With a new semester starting, it’s only apropos to mention the back and forth I’ve been having about the Principles and Practices Engineering Exam, which probably seems like a pretty arcane topic…until two Kansas State academics noted that women have a lower first-time pass rate than men do.

That occasioned an article by Toni Airaksinen of Campus Reform on the subject.  One of the suggestions of the academics was that the exam itself might be biased against women.  I found this difficult to believe and wrote a response to it on my vulcanhammer.net blog/site, which concerns itself with engineering topics.  While not directly attacking the conclusions, I expressed the opinion that one reason for the disparity may be in the timing of the exam, which is very problematic for reasons beyond this issue and whose fix is an ongoing effort of societies which are involved in this process.

My response was featured in a follow-up article by Airaksinen on the topic, which also includes a response from NCEES (who actually write this exam,) who inform us that they screen the questions for bias.  Having prepared engineering tests for a number of years, I have no idea how one screens exam questions for bias against women, but my female students have done pretty well over the years taking my tests.

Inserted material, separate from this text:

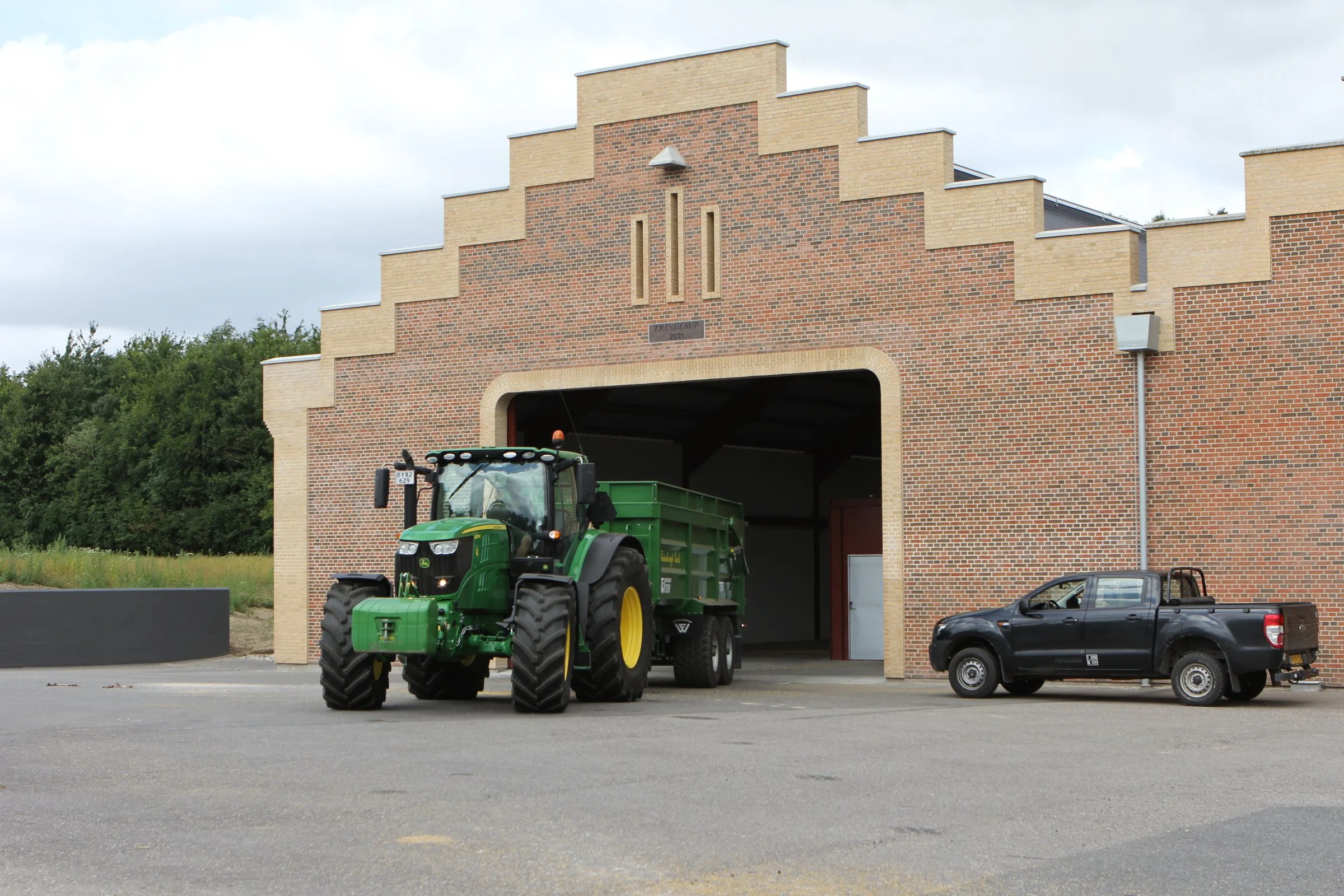 Vårbyggen tørres og oplagres på Trinderups nyopførte planlager, som ligger lige ved siden af et tilsvarende, som er fra 2016. Foto: Kasper Stougård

Since the 1960’s engineering has suffered attacks from the various movements that exploded during that era, some of which challenged the basic good of technological progress.  The profession has made a major effort to address these objections, but with the “Running Rusty” mentality in the SJW movement, that’s not easy for anyone.  Our society needs to address the reality that, to survive in the world we live in, we need to shift to STEM as the centrepiece of our educational system rather than the appendage.   If that happened I believe we’d see women as a larger part of our profession, and that would be a good thing.  There are signs of progress but we’ve got a long way to go.